The Hunley class features two Type VI phaser banks on the aft crossbar, although these are highly ineffectual over anything but the shortest distances while under water. Unusually, although these are primarily designed for forward fire, they can be fed backwards through a separate set emitters. Coupled with the heat dissipation systems usually found on Type VII phaser banks, this allows a higher-than-average rate of fire for a Type VI bank. The craft also features three micro-torpedo launchers, one of which is located on the underneath of the craft’s leading edge. Two small launchers are located inside the two ovals on the aft hull. In another advance from normal tactical engineering, these aft-firing launchers are both self-contained launchers similar to those found on the New Orleans class and are linked directly with the Hunley’s sub-aquatic drive. Due to the unconventional nature of said drive, power overall consumption is incredibly high. During the design process, Starfleet engineers encountered an energy problem when firing the launchers. When submerged with engines engaged, the power needed to fire the launchers proved so great that the engines would momentarily experience sizable power shortages. Combined with water’s high level of resistance the Hunley was slowed by an unacceptable margin each time the launcher’s fired. To counter this problem, Starfleet installed a set of multiple micro-capacitors that store energy during normal operations and then smoothly and automatically provide power to the engines for the milliseconds it takes to fire the launchers. This provided the same amount of fire at a much reduced energy loss. Since it ultimately became a different type of launcher, Starfleet unofficially named it a ‘Type B’, a launcher just as powerful but uses less energy. It has been thought that the Type B could eventually be fitted onto other craft to provide more firepower at the same energy loss rate but this is just speculation at present, especially due to the nature of the sub-aqua drive and launcher mechanisms. Due to how powerful and power-consuming the engines have to be for the submersible Hunley class, Starfleet was unable to fit another launcher as it would have taken them back to square one. They fire modified micro-photon and micro-quantum torpedoes and provide excellent protection for such a valuable and unique craft.
The Hunley class was successfully tried and tested in the Ninth Fleet by Robert Kelargen, the chief architect behind the project, along with much valued assistance from a former Ninth Fleet commanding officer, Darynl Lexer.
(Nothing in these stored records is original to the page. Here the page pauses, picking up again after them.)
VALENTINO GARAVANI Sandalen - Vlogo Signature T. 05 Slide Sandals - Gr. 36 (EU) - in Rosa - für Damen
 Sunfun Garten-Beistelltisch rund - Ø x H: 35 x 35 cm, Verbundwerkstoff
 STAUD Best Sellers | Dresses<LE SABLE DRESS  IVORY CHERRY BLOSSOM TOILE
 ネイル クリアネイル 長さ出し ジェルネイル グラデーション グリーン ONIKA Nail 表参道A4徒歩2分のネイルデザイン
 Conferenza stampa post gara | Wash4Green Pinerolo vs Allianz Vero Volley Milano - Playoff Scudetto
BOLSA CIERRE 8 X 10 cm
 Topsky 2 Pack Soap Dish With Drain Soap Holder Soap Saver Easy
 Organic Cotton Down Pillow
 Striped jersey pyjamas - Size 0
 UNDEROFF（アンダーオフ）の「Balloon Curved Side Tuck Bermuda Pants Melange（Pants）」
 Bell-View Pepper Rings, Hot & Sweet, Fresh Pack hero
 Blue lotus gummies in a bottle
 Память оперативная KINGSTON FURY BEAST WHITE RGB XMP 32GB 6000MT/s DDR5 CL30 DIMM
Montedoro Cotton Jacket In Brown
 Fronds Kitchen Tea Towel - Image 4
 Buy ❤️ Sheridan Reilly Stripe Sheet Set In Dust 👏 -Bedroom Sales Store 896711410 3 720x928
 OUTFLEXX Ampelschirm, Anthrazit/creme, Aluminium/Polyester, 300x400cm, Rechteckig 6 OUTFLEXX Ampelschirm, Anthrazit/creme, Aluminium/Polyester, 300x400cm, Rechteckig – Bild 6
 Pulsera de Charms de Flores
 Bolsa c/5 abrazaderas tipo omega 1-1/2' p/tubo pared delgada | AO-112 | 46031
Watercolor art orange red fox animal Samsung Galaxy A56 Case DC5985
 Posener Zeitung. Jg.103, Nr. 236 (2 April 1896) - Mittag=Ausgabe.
The Hunley is intended to be employed on all long-range or deep space explorers and all scientific ships. To quote one Obsidian Fleet scientific starship captain, “If you’re looking for new life, you’d check the oceans…”
The Hunley can be crewed by three people but only sleeps two. The maximum attainable depth of the Hunley, a figure arrived at after extensive testing, was just under 25 miles, a depth considerably greater than that found on most Class M worlds but which is known to exist on certain worlds. Theoretically, the absolute maximum attainable depth is 30 miles, although critical structural stresses would make this an exceptionally risky option that would, quite likely, result in the shuttle's implosion. The vessel's deflector dish can be covered by a retractable panel to reduce drag levels while submerged if preferred.